• **DESCRIPTION OF THE TASK**: This task calls for the lines below starting at the one containing "3 pcs celana" and ending at the one containing "A Yoshii Running 2019 :: Etapa Maringá", repeated exactly with both ends kept and pictures left out.

• **DATA SUPPLIED**:
===
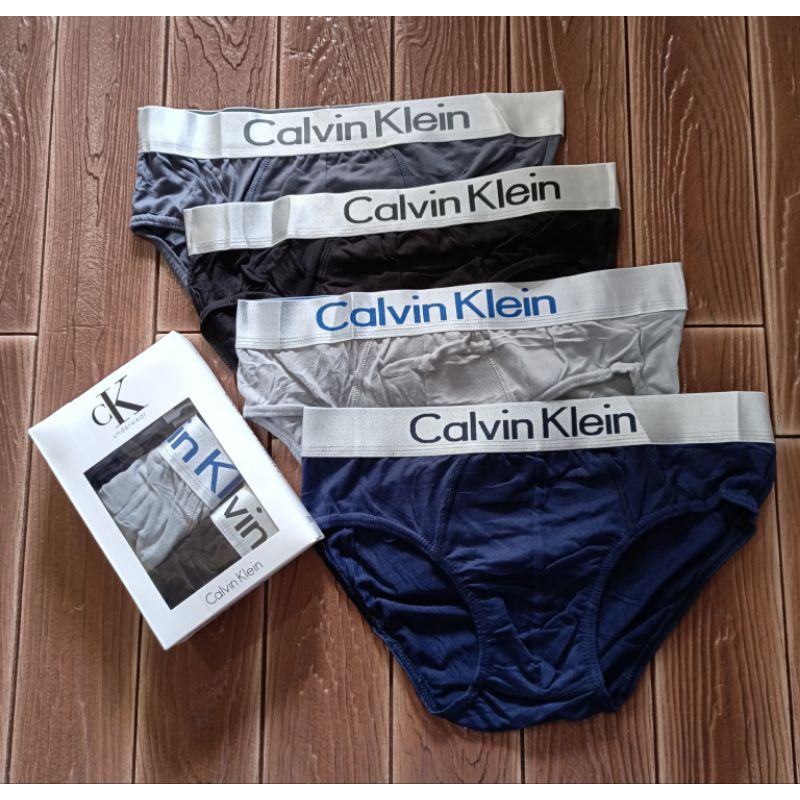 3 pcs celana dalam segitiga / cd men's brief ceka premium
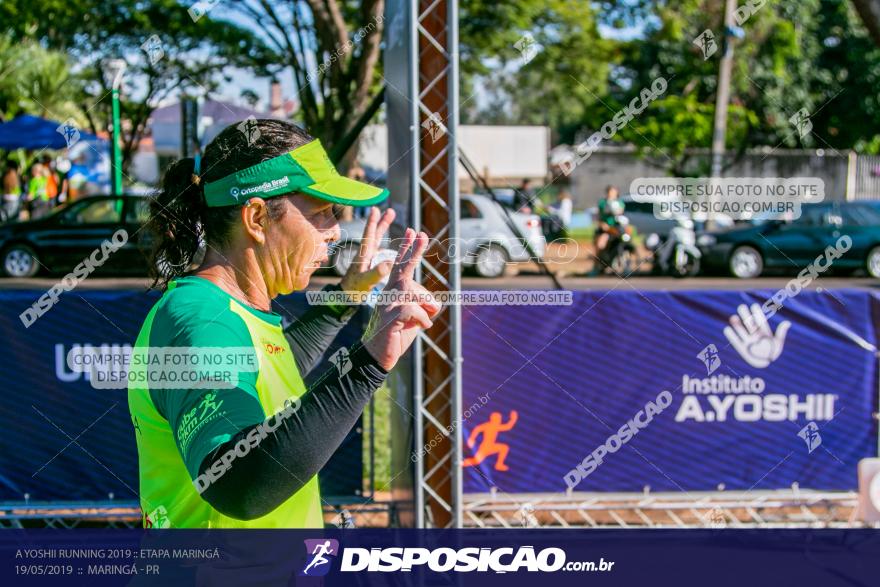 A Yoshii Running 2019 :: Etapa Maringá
===
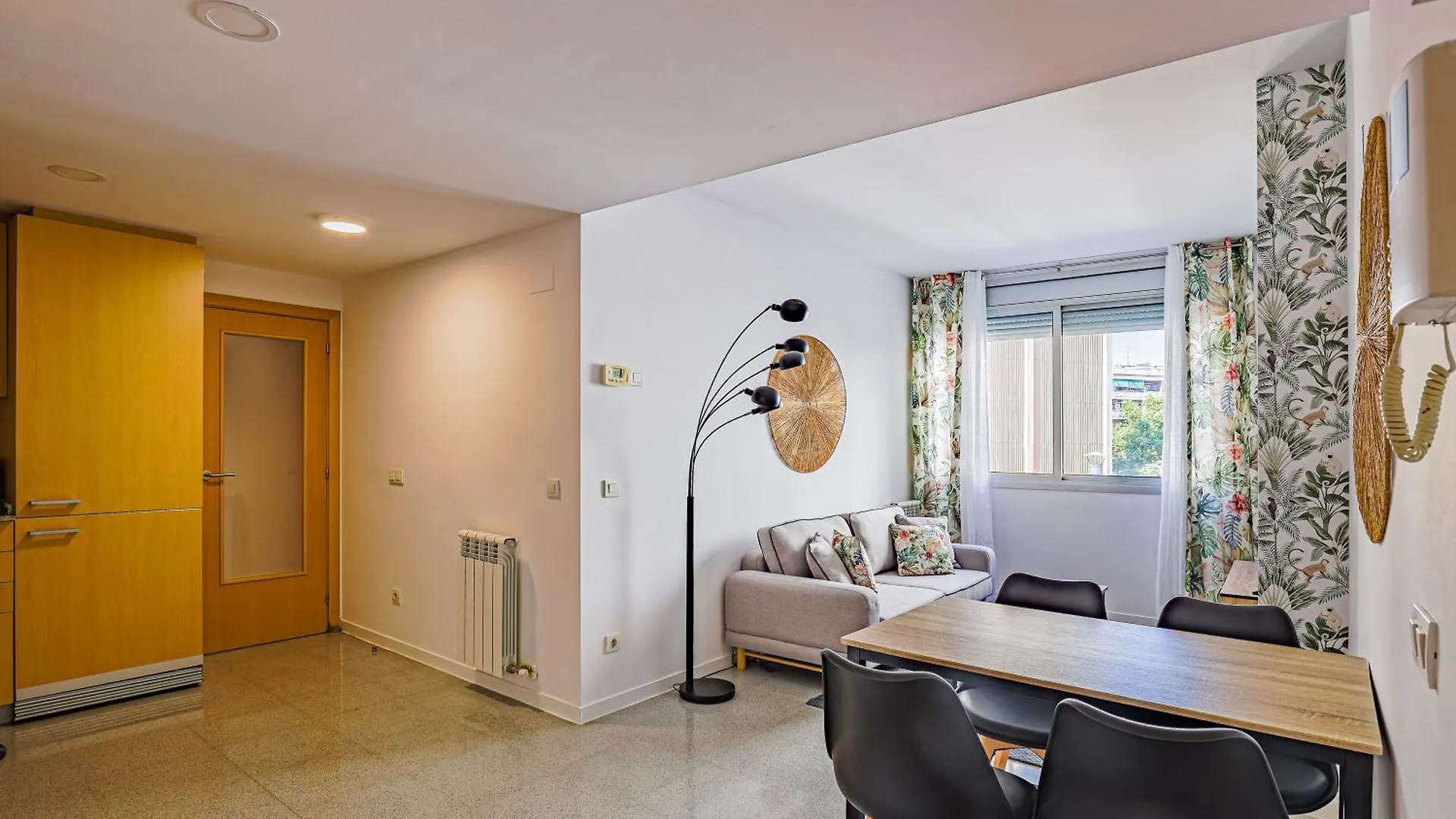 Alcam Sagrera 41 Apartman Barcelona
===
• **REPLY**:
 3 pcs celana dalam segitiga / cd men's brief ceka premium
 A Yoshii Running 2019 :: Etapa Maringá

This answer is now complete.